(Image: Associated Press)
The Brewers officially announced the end of the Juan Francisco experiment earlier today. My colleague Nick Michalski said this is the right move for Francisco, and I see no reason to disagree. Francisco seems to have worked hard in winter ball, made adjustments to his approach at the plate, and was having a great spring at the time of his release. Although he may be remembered by Brewers fans for striking out too much, let’s hope Francisco takes what he’s learned and finds success elsewhere.
An interesting aspect of Francisco’s release is that it highlights the arbitrary value fans, players, and coaches assign to spring training performance. There’s no denying Francisco’s numbers in spring training were impressive: .346 / .500 / .731. Mark Reynolds’ slash line is pretty good as of this writing (.250 / .353 / .477), while Lyle Overbay’s is in the let’s-not-talk-about-it-besides-he’s-a-veteran-and-his-defense-is-boffo category (.179 / .319 / .231). As a left-handed batter, Overbay was viewed as Francisco’s main rival for a roster spot. With the competition posting numbers like that, one has to wonder what Francisco could have done to make the team.
When it was announced yesterday that Overbay and Reynolds were in, manager Ron Roenicke went pretty far to downplay the importance of spring training statistics:
"Spring training is to get in shape. Spring training is not to see who you think should be on the team. If you did that, there would be some weird stuff happening every year," [Roenicke] said. "Any of these guys, the veterans, could walk in and hit .200. Does that mean you don't keep them on the team?

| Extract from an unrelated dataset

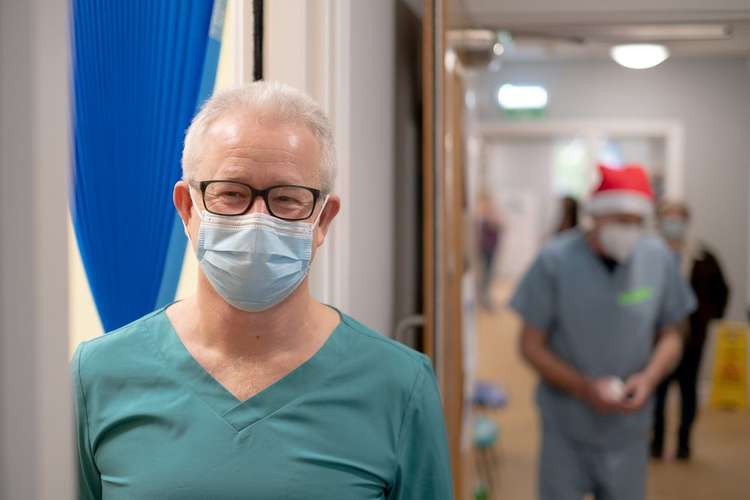 Photographer Eddy Pearce captures the first Covid booster vaccines at Bridport medical centre (Image: Eddy Pearce)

"Spring training is not on numbers. It isn't. That's the misleading thing that people don't understand. The people that I look up to in this game always say, 'Do not be misled by spring training,' and it's the truth.”
I understand a manager has to justify his decision-making, and what Overbay brings to the team can’t necessarily be defined by a pretty lousy spring training performance. But by going out of his way to stick up for Overbay, Roenicke lets himself get just a bit disingenuous. Surely, spring training isn’t all about statistical performance, but the numbers count for something.
Last year, Khris Davis made the Brewers’ roster even though he could only play left field, and at the time no one knew that Ryan Braun would be suspended half the season. Something tells me Davis’ crazy delicious 2013 spring training numbers probably had something to do with that.
In July, Davis ended up being optioned to AAA after he struggled without regular playing time. At that point, maybe Roenicke was thinking he made a mistake by reading too much into Davis’ spring training numbers. Then Braun was suspended, Davis replaced him, and he had the brilliant half-season we all hope wasn’t a fluke. Now he’s going to be the Brewers’ starting left fielder on Opening Day.
Maybe Davis’ 2013 spring training performance was a harbinger of big league success, maybe it was just the kind of hot streak professional ballplayers have from time to time – but it’s a pretty clear example that Roenicke puts some stock in spring training numbers.
To be sure, I’d be a picky sports fan if I criticized Roenicke too harshly for some loose comments in defense of Overbay. He has to answer questions from the press every day about how he does his job, so a few glitches here and there come with the territory. It’s just worth noting how much of player evaluation is intangible and subjective, even for guys who have been in this business their whole lives. We’ll have to keep that mind when the Rickie Weeks vs. Scooter Gennett decision comes down in the next few days.